--- HOW TO COMPLETE THIS TASK ---
Go through the data that follows and restate each line exactly as it reads.

━━━━━━━━━━━━━━━━━━━━

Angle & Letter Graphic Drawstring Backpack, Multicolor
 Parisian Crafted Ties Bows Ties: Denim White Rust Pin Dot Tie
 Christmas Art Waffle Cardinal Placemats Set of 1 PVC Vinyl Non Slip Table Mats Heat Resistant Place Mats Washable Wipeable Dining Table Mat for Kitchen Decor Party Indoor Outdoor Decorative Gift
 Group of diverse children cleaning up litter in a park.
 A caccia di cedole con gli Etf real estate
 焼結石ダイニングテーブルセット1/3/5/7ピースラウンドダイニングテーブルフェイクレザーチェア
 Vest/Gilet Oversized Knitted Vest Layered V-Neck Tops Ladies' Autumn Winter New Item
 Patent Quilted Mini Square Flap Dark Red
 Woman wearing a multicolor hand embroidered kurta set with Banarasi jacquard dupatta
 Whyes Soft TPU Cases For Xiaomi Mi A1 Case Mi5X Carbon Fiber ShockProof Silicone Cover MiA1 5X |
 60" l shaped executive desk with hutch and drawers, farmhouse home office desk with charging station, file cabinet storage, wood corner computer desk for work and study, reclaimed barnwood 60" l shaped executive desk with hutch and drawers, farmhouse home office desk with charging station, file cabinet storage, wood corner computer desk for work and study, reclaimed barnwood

━━━━━━━━━━━━━━━━━━━━

--- ANSWER TO THIS EXERCISE ---
Angle & Letter Graphic Drawstring Backpack, Multicolor
 Parisian Crafted Ties Bows Ties: Denim White Rust Pin Dot Tie
 Christmas Art Waffle Cardinal Placemats Set of 1 PVC Vinyl Non Slip Table Mats Heat Resistant Place Mats Washable Wipeable Dining Table Mat for Kitchen Decor Party Indoor Outdoor Decorative Gift
 Group of diverse children cleaning up litter in a park.
 A caccia di cedole con gli Etf real estate
 焼結石ダイニングテーブルセット1/3/5/7ピースラウンドダイニングテーブルフェイクレザーチェア
 Vest/Gilet Oversized Knitted Vest Layered V-Neck Tops Ladies' Autumn Winter New Item
 Patent Quilted Mini Square Flap Dark Red
 Woman wearing a multicolor hand embroidered kurta set with Banarasi jacquard dupatta
 Whyes Soft TPU Cases For Xiaomi Mi A1 Case Mi5X Carbon Fiber ShockProof Silicone Cover MiA1 5X |
 60" l shaped executive desk with hutch and drawers, farmhouse home office desk with charging station, file cabinet storage, wood corner computer desk for work and study, reclaimed barnwood 60" l shaped executive desk with hutch and drawers, farmhouse home office desk with charging station, file cabinet storage, wood corner computer desk for work and study, reclaimed barnwood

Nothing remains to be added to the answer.